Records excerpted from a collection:
**********

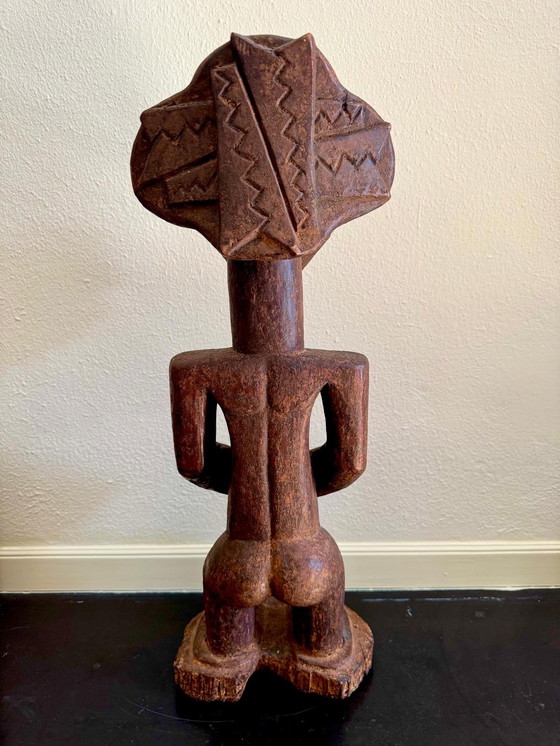 Image 1 of Figure ancestrale masculine Singiti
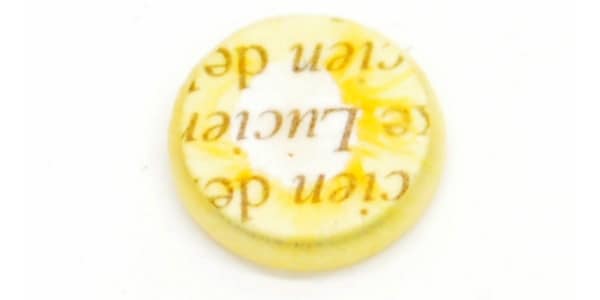 YAMAHA ( ヤマハ )  / K0190003 ピッコロ タンポセット画像2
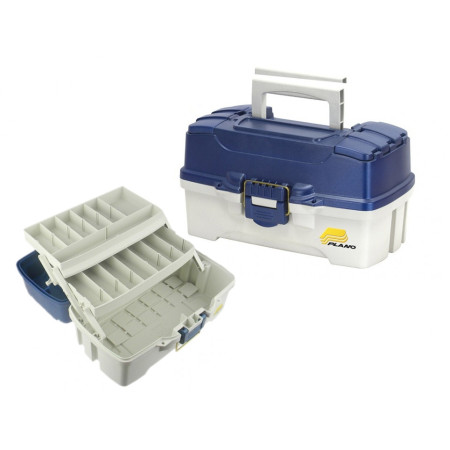 Ящик для снастей Plano 6202-06 Ящик для снастей Plano 6202-06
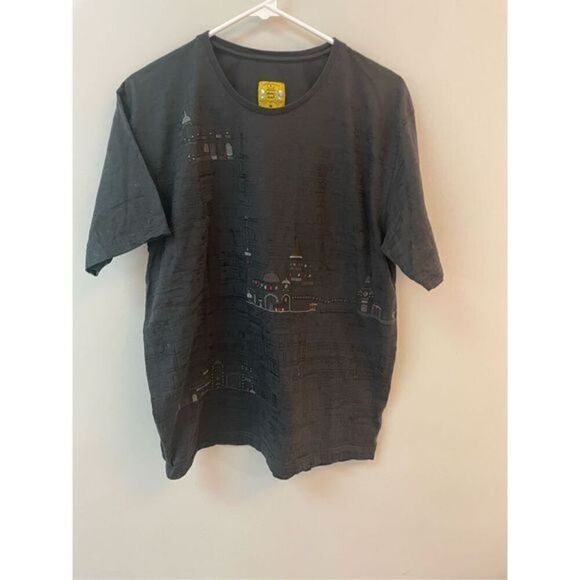 Play Clan Haveli T-Shirt (SZ XL) - Picture 1 of 6
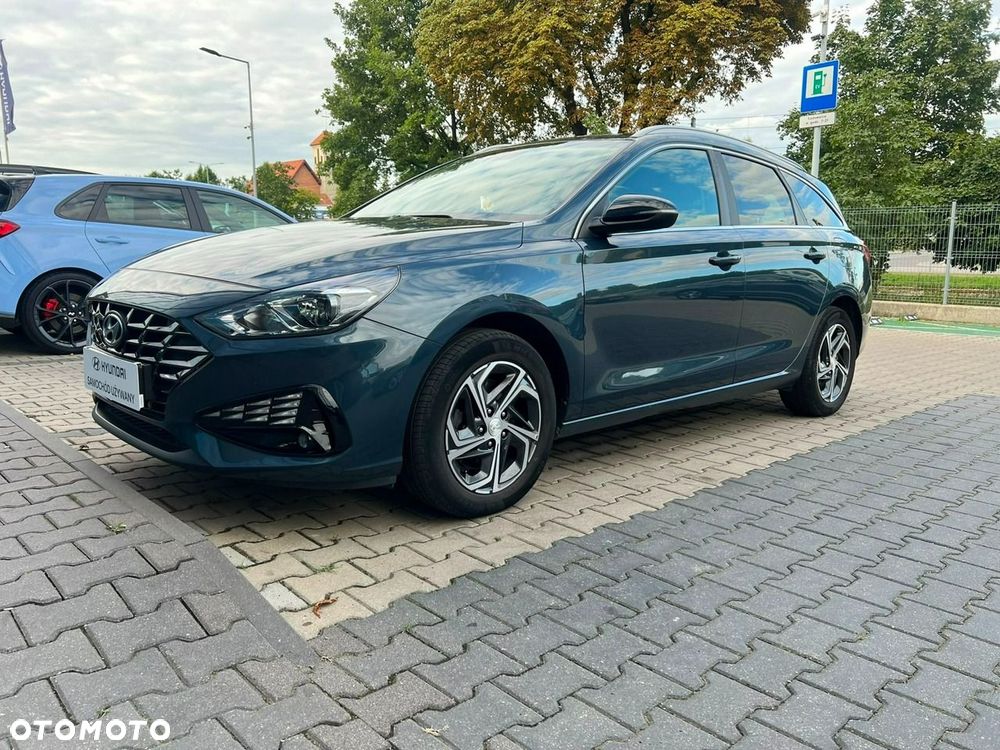 Hyundai i30 1.5 DPI Comfort - 4
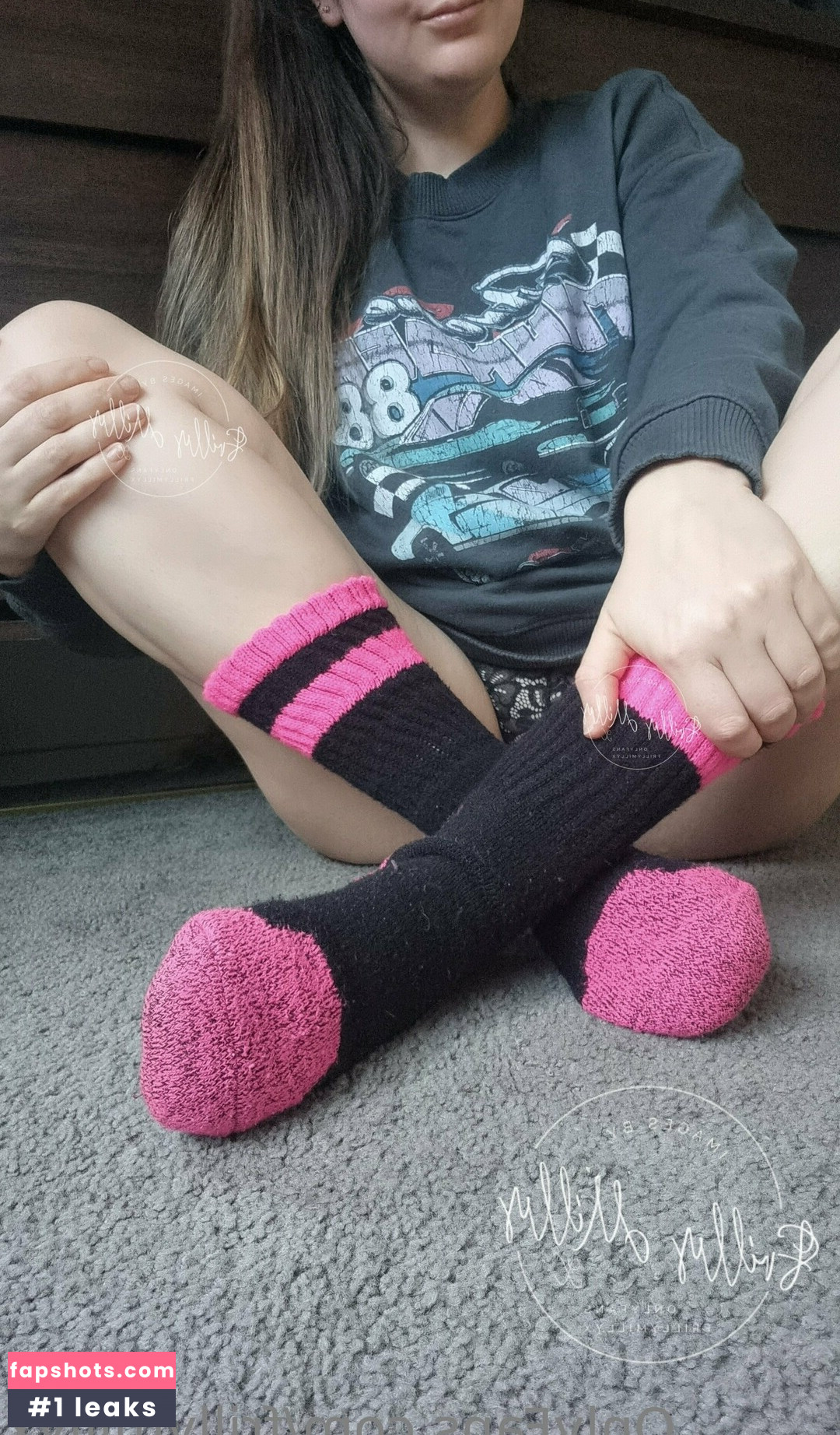 frillymillyx gallery photo #21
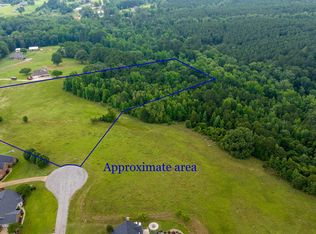 Tbd Timberlake Ranch Rd, Hallsville, TX 75650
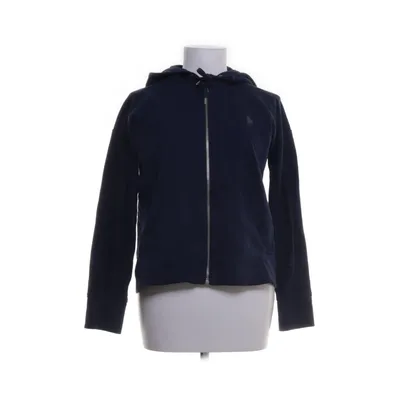 Hættetrøje (Blå) fra Polo Ralph Lauren Bomuld, Polyester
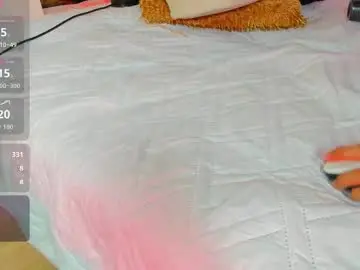 Chaturbate Nude Webcam of samanttha01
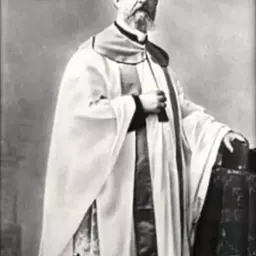 Portrait of Juan Bautista Cabrera Ivars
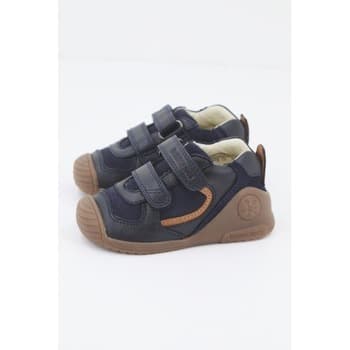 Boys' Boots Biomecanics Blue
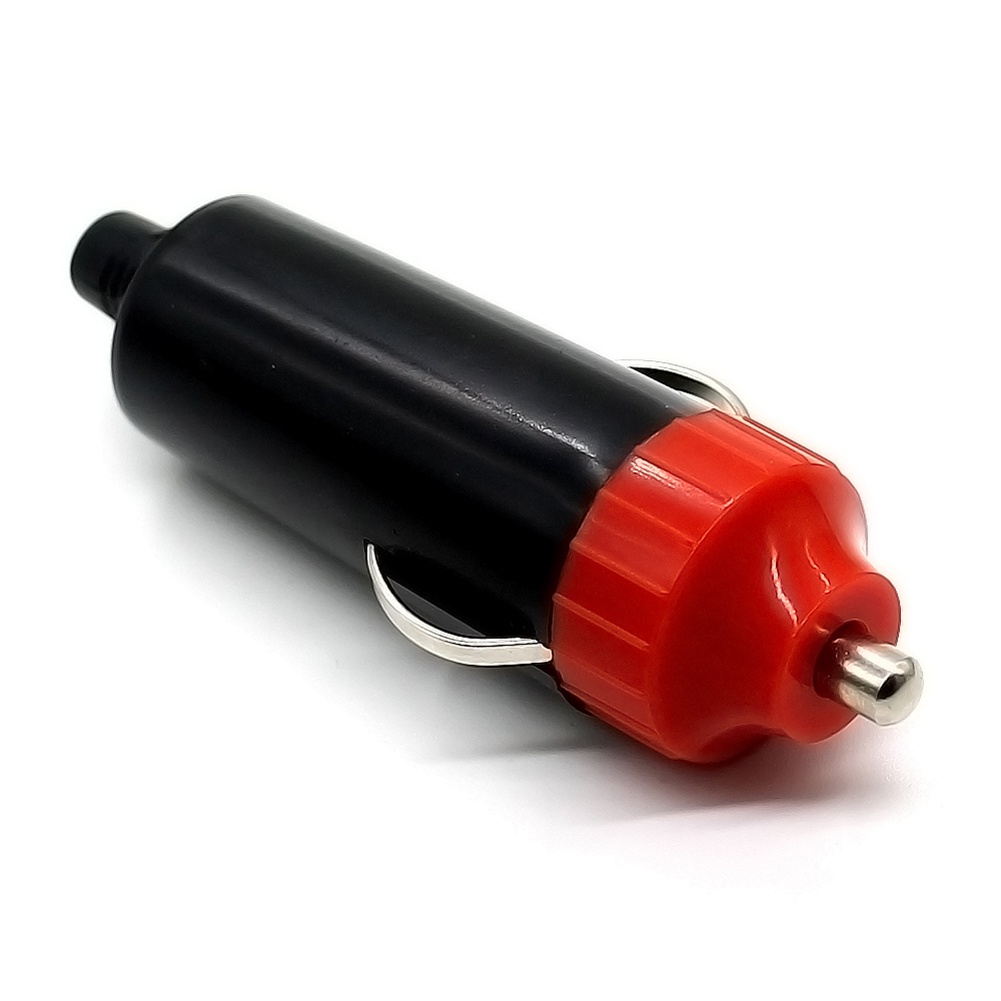 Ổ CắM BậT LửA 12v Cho Xe Hơi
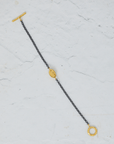 Single Pearl Bracelet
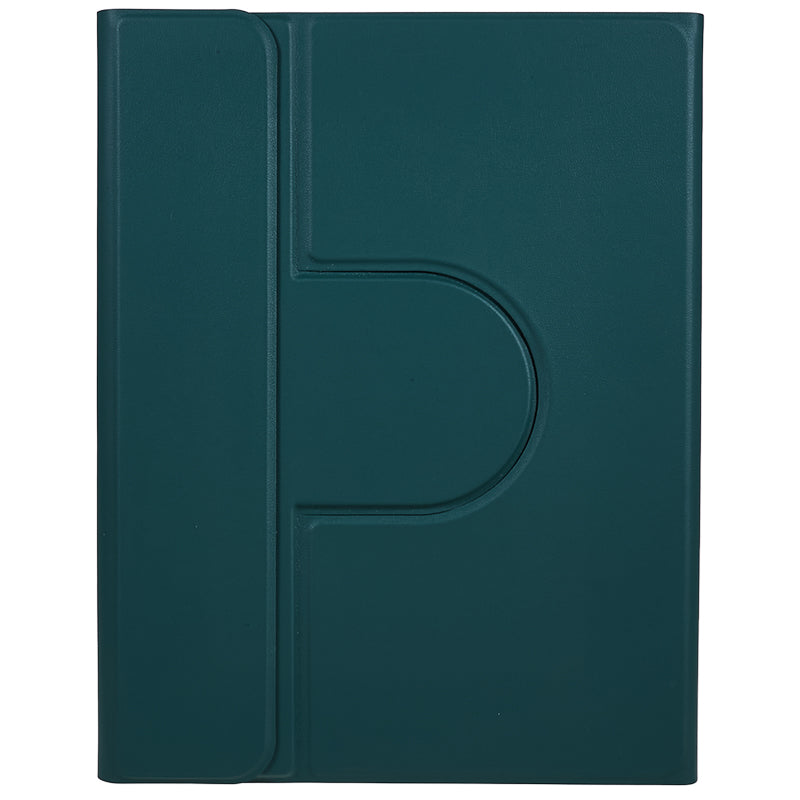 SK-2109 For iPad Air (2020) / (2022) PU Leather Stand Tablet Case with Magnetic Detachable Keyboard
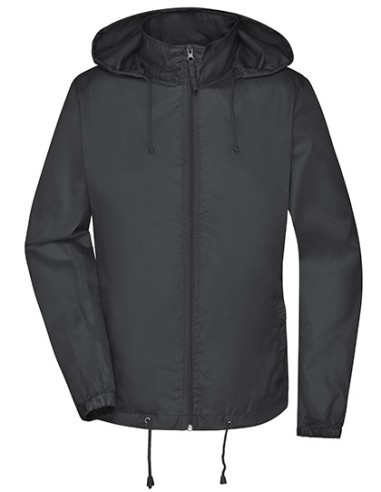 DAI-JN1131-Ladies Promo Jacket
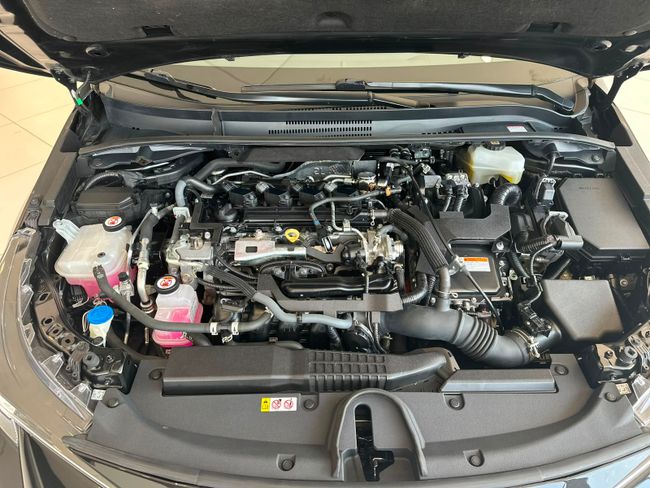 Toyota Corolla Berline Hybride 2.0 184h Active Tech  - Foto 7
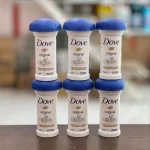 مام کرمی ضد تعریق قارچی داو Dove حجم 50 میل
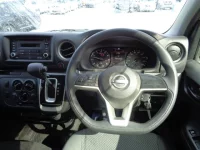 Nissan CARAVAN VAN лот № 1610 оценка 3.5  с аукциона в Японии 4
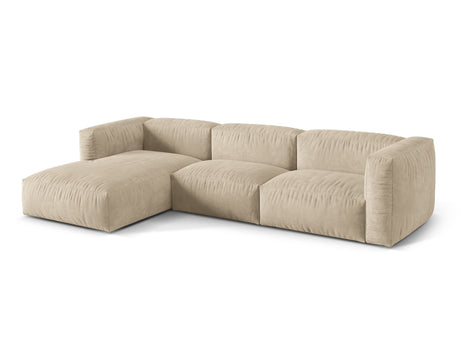Modulinis minkštas kampas 579609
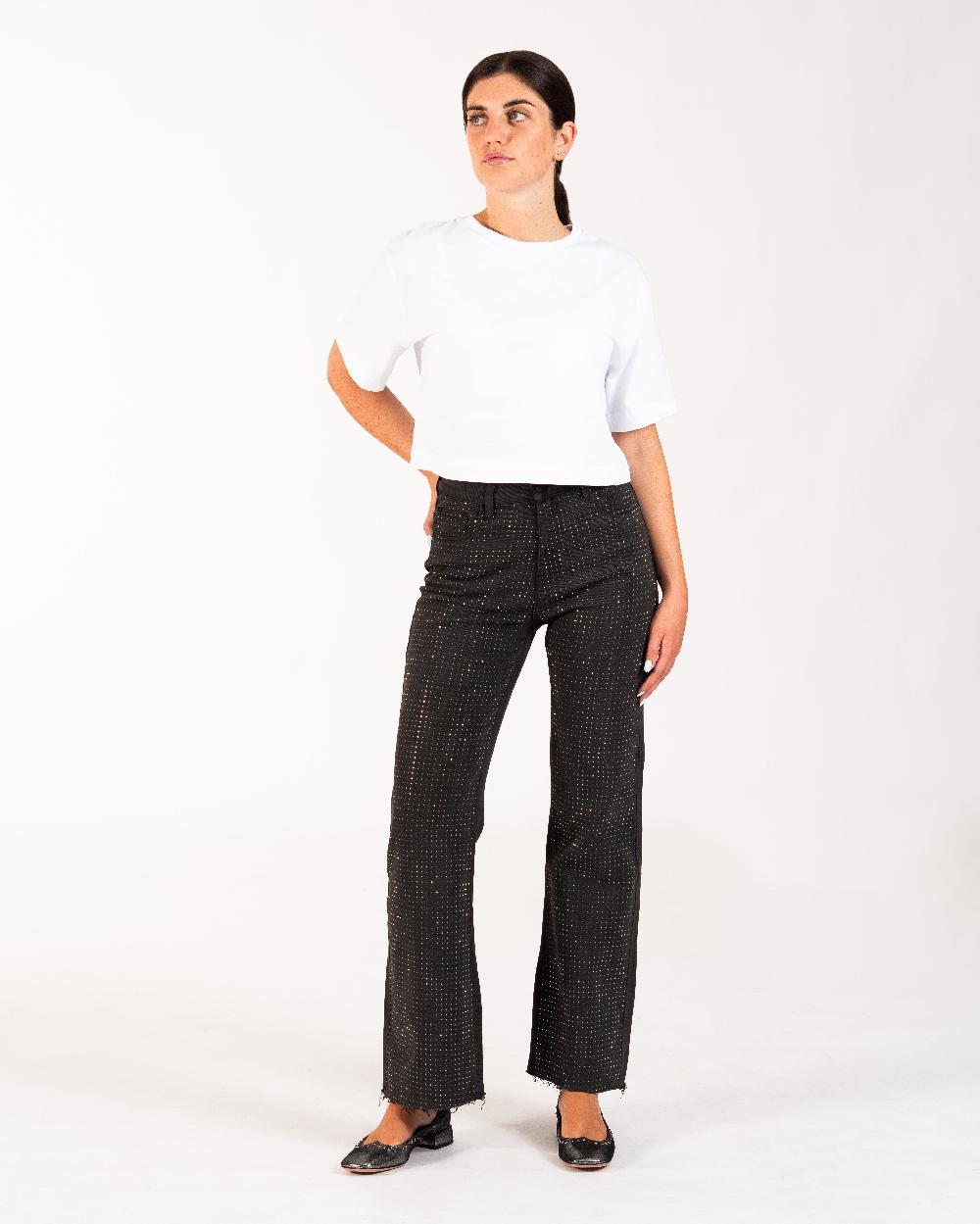 Alessandra chamonix CALLA BLACK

**********

| About this task |
Word for word, repeat the lines above from the one with "Ящик для снастей Plano 6202-06 Ящик" through the one with "SK-2109 For iPad", and nothing beyond them. Omit the pictures.

| Answer space |
 Ящик для снастей Plano 6202-06 Ящик для снастей Plano 6202-06
 Play Clan Haveli T-Shirt (SZ XL) - Picture 1 of 6
 Hyundai i30 1.5 DPI Comfort - 4
 frillymillyx gallery photo #21
 Tbd Timberlake Ranch Rd, Hallsville, TX 75650
 Hættetrøje (Blå) fra Polo Ralph Lauren Bomuld, Polyester
 Chaturbate Nude Webcam of samanttha01
 Portrait of Juan Bautista Cabrera Ivars
 Boys' Boots Biomecanics Blue
 Ổ CắM BậT LửA 12v Cho Xe Hơi
 Single Pearl Bracelet
 SK-2109 For iPad Air (2020) / (2022) PU Leather Stand Tablet Case with Magnetic Detachable Keyboard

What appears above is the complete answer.